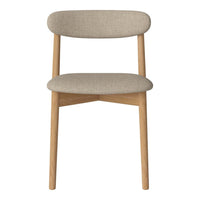 Tan upholstered chair with soft, textured fabric and light wooden legs in a simple, modern design.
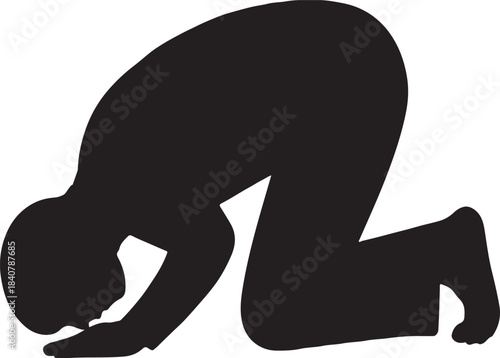 Silhouette of a man praying in prostration sujud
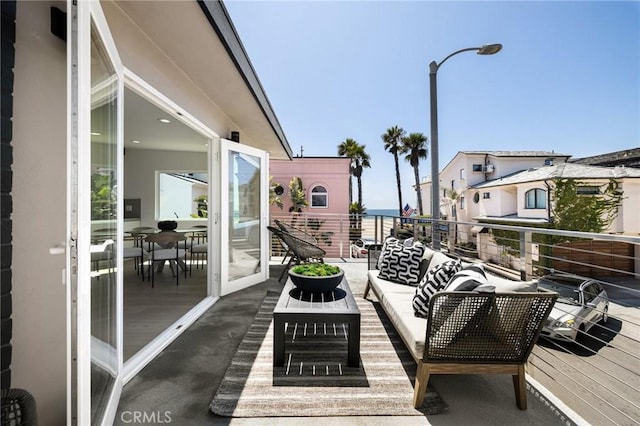 balcony featuring a water view and an outdoor living space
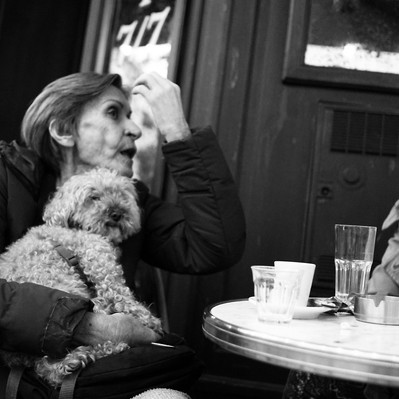 Black and white street photography of the french street photographer David Décamps representing a woman on a terasse with her dog in Paris.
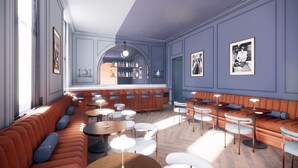 Een bar met krukken, een bargedeelte en een zithoek met banken en tafels.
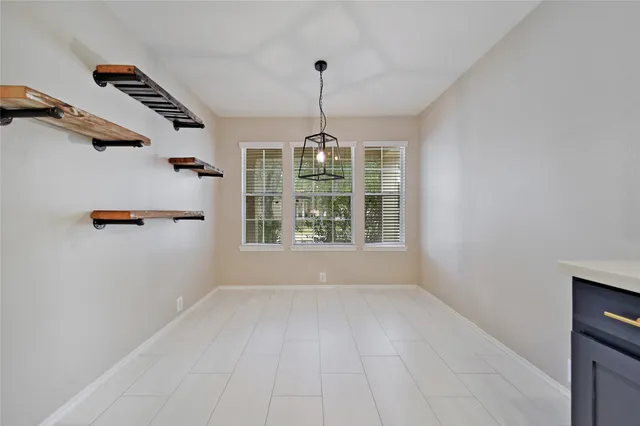a large bathroom with a granite countertop sink a mirror and a vanity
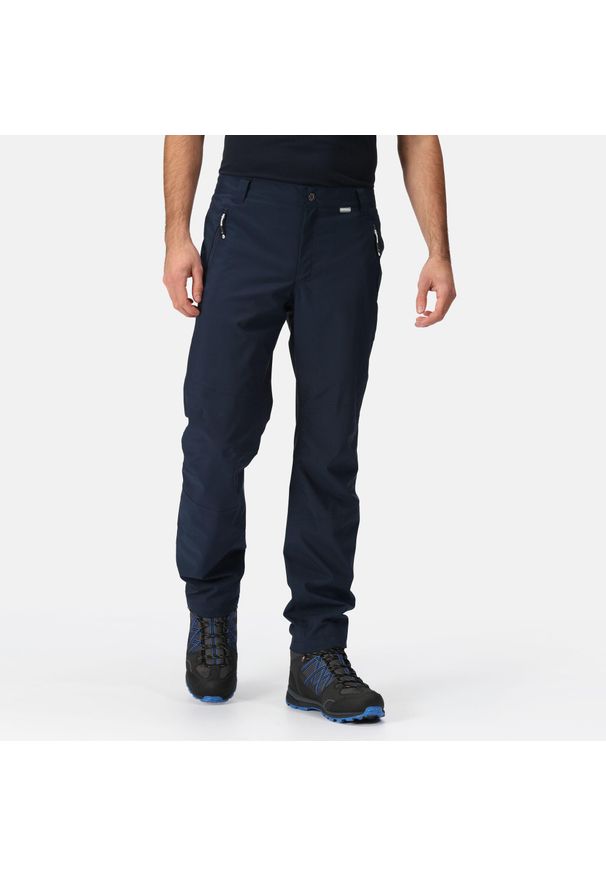 Regatta - Męskie spodnie trekkingowe wodoodporne Dayhike IV. Kolor: niebieski. Sezon: lato. Sport: turystyka piesza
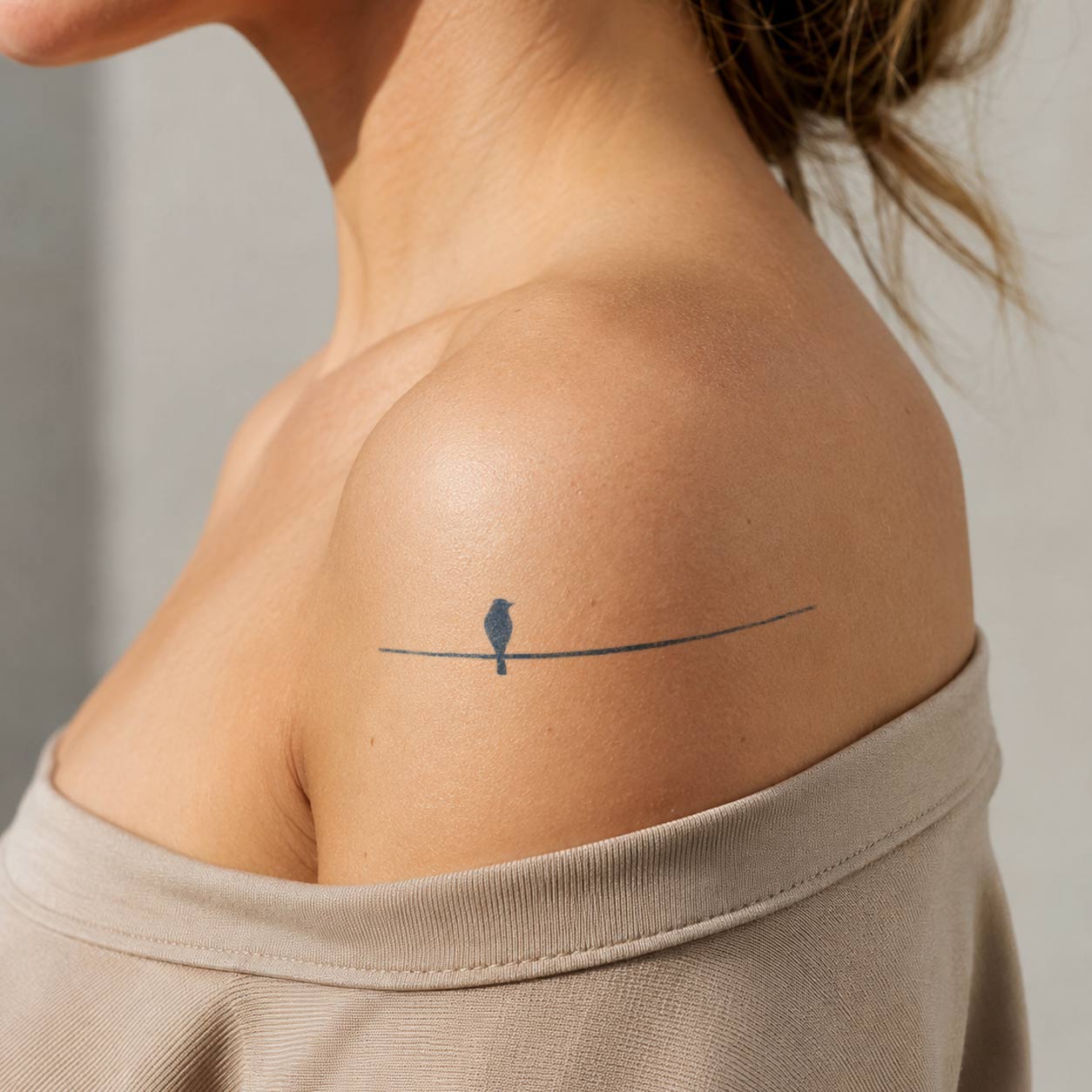 Temporary shoulder tattoos featuring a small bird perched on a single curved wire.
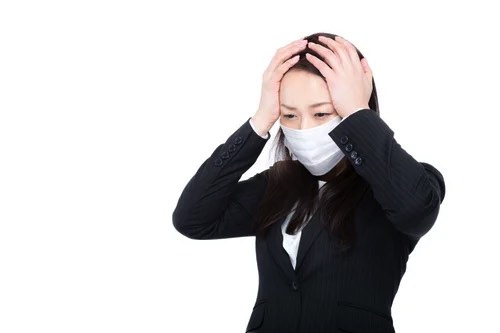 体調不良な女性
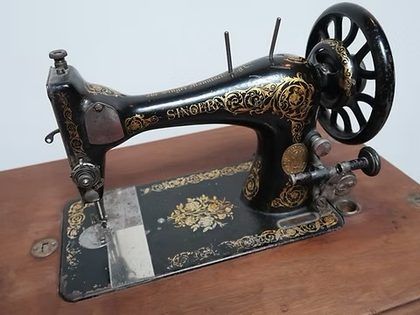 Machine à coudre Singer ancienne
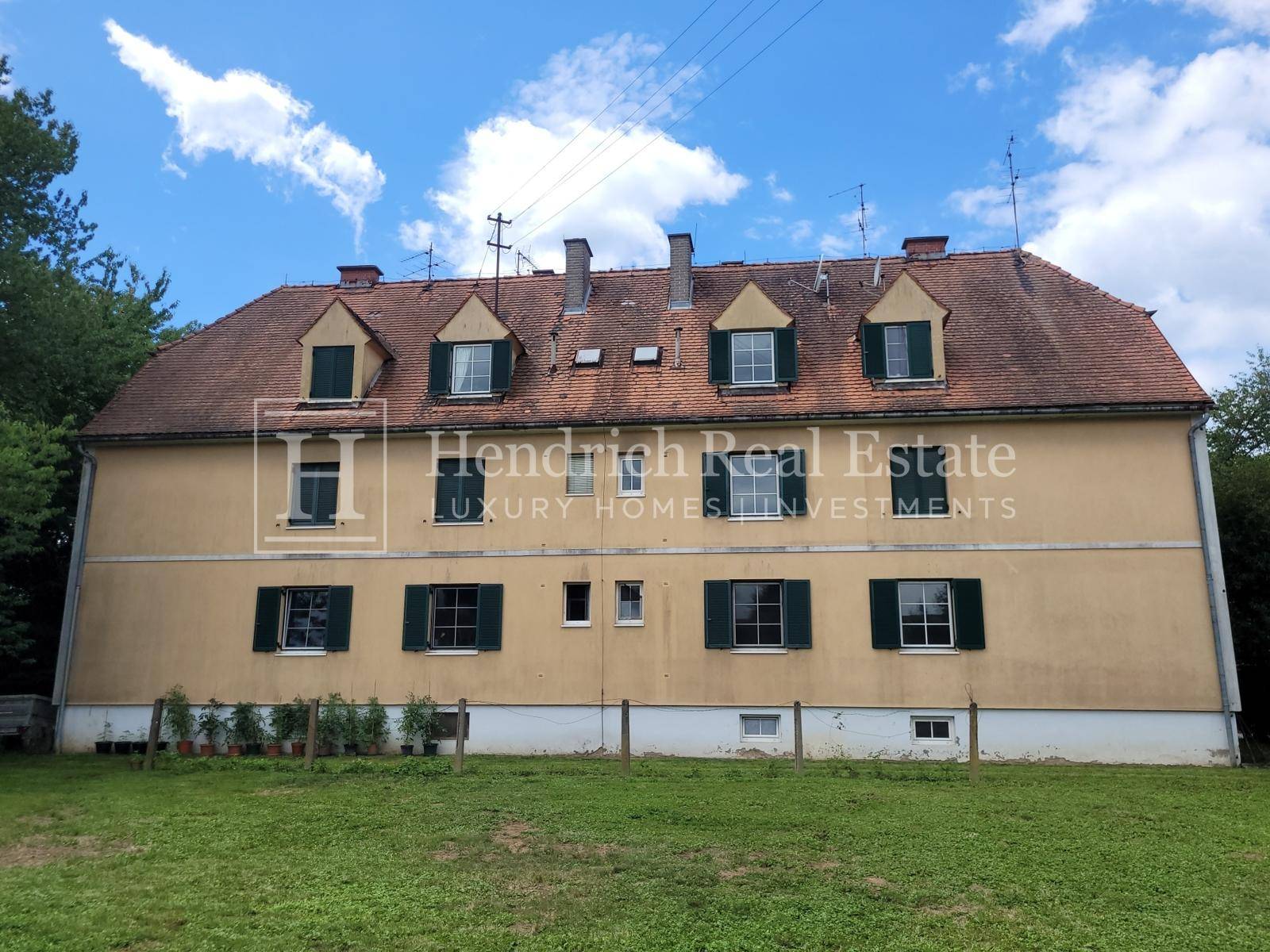 Rückansicht des historischen Gebäudes mit weitläufigem Rasen und Blick ins Grüne.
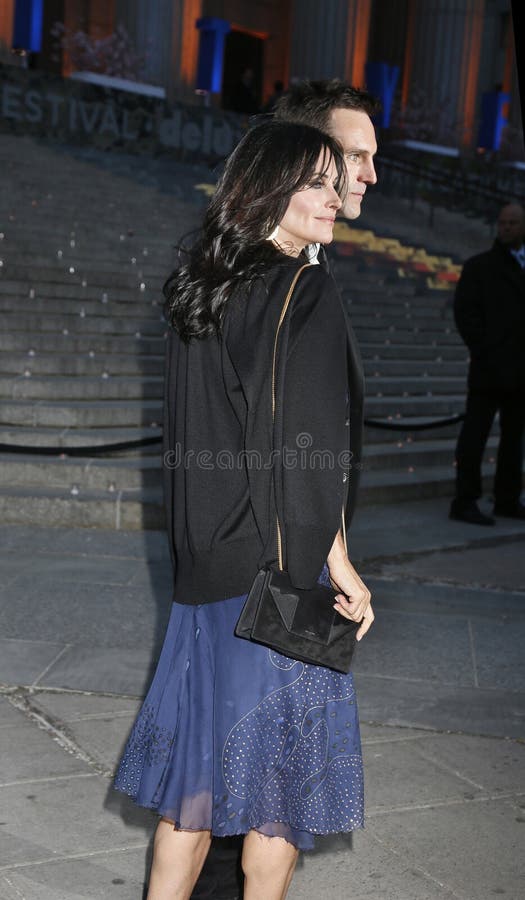 Actress, director and filmmaker Courteney Cox, then 49, arrives at the New York State Supreme Courthouse in Lower Manhattan on April 23, 2014, for the Vanity Fair Party for the 2014 Tribeca Film Festival at the New York State Supreme Courthouse in Lower Manhattan. She is perhaps best known for playing the role of Monica Geller in the long-running popular sitcom, Friends. Cox is accompanied by her boyfriend Johnny McDaid, a singer, songwriter, musician record producer and member of the Snow Patrol band. He is from Northern Ireland. Actress, director and filmmaker Courteney Cox, then 49, arrives at the New York State Supreme Courthouse in Lower Manhattan on April 23, 2014, for the Vanity Fair Party for the 2014 Tribeca Film Festival at the New York State Supreme Courthouse in Lower Manhattan. She is perhaps best known for playing the role of Monica Geller in the long-running popular sitcom, Friends. Cox is accompanied by her boyfriend Johnny McDaid, a singer, songwriter, musician record producer and member of the Snow Patrol band. He is from Northern Ireland.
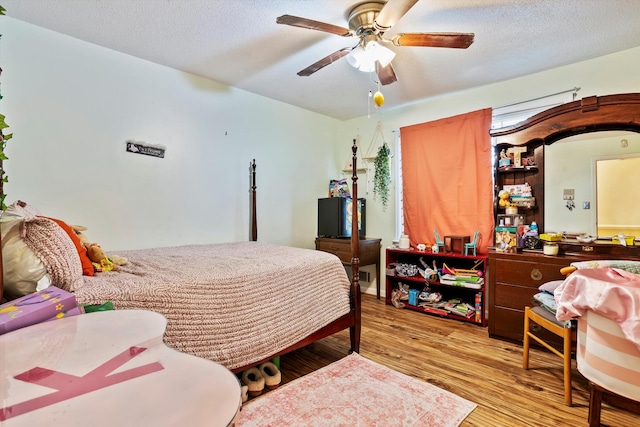 bedroom featuring light wood-type flooring, a ceiling fan, and a textured ceiling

Directions for this task: Reproduce, without alteration and without pictures, only those lines that lie between the first line of the entries above and the line containing "Black and white", both of them included.

Output for this exercise:
 Tan upholstered chair with soft, textured fabric and light wooden legs in a simple, modern design.
 Silhouette of a man praying in prostration sujud
 balcony featuring a water view and an outdoor living space
 Black and white street photography of the french street photographer David Décamps representing a woman on a terasse with her dog in Paris.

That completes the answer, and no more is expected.